何故かちんまい子の母性が果てしなきカンストを誇る。
千冬が大泣きし、それを慌ててあやしていたのが一誠である――――という事には気づかなかった元士郎。
しかしそれでも近くに二天龍の力が在る事だけは察知できた。
「運が良いぜ俺は。やっぱり赤い龍の力持つ奴は近くに在る……!」
そのせいか今の元士郎は何時になくやる気があり、軽い運動をして身体を慣らしたのもあって割りとアグレッシブだった。
「しかも篠ノ之束も目撃された様だぞ元士郎」
「そうか、ならそっちはお前に任せるとして問題はさっきの力の持ち主が何処の誰かだって話だ。
アイツにしては少し弱いし、やっぱりアイツの力をどこぞ誰かから貰った奴なのか、ソイツがもしチョーシくれたバカなら始末すべきなのか―――いや、始末はしよう。アイツの力はアイツ――兵藤だけのものだからな」
旅館の部屋に戻り、壁に掛けた夏でも構わず普段着る黒のロングコートの内側に隠してある黒鞘の剣を強く握る。
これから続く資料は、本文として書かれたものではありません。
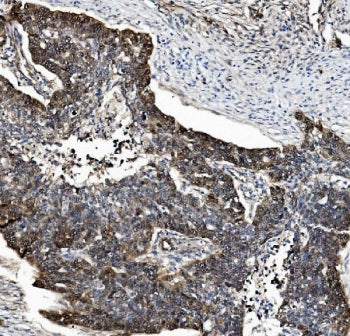 IHC staining of FFPE human ovarian serous adenocarcinoma tissue with Proteasome subunit beta type-5 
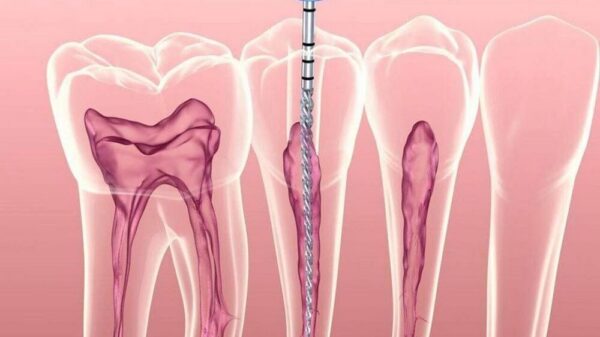 Diệt tủy răng có ảnh hưởng đến sức khỏe răng miệng không?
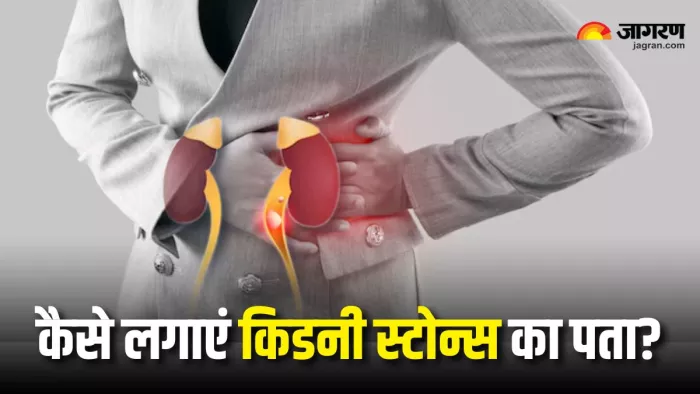 Kidney Stones: किडनी स्टोन्स से बचने के लिए क्या करना चाहिए? (Picture Courtesy: Freepik)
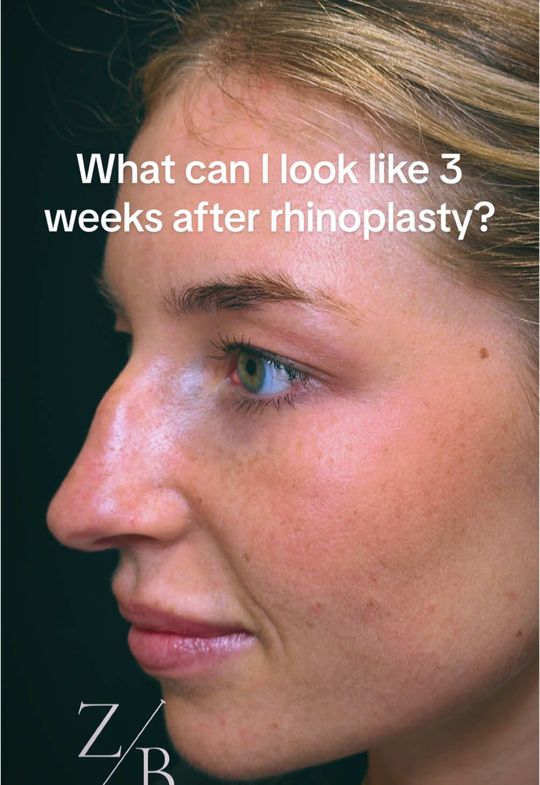 Video by Dr. Zachary Borab: Concerned about bruising and swelling after a rhinoplasty?? Rhinoplasty or nose job surgery today…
かつて一誠から聞いた、自分を殺した男……ナルガミ・ミライの正体と今回一番近くで感じた赤い龍の力の持ち主が『同レベルの存在』であるなら、間違いなく始末しなければならない。
でなければ誰かが陥れられる……自分と一誠の様に。
「一番は奴と同じレベルの思考回路した奴が単に気に食わないからぶちのめしたいだけだけどな……」
今更遅すぎた進化をまさかこんな所で発揮する事になろうとは……マドカが浴衣に着替えるのを視界に入れつつ鞘からこの世には一切存在しない物質で構築された直刃の剣を抜き、電気の光で銀に輝く刀身を眺めながら軽く掲げる。
「アイツの力はアイツの物、例え神だろうが模倣する事は俺が許さねぇ……」
絶対的な信頼を持ち合うからこその赤龍帝と一誠と一誠の中に宿っていた赤い龍を見たからこその考え。
暫く掲げていた剣を鞘に納めた元士郎の目は今までに無いくらいに強い炎を灯していた。
それにもしその者がナルガミ・ミライと同レベルの思考回路であった場合、間違いなく多数の女が喰われる。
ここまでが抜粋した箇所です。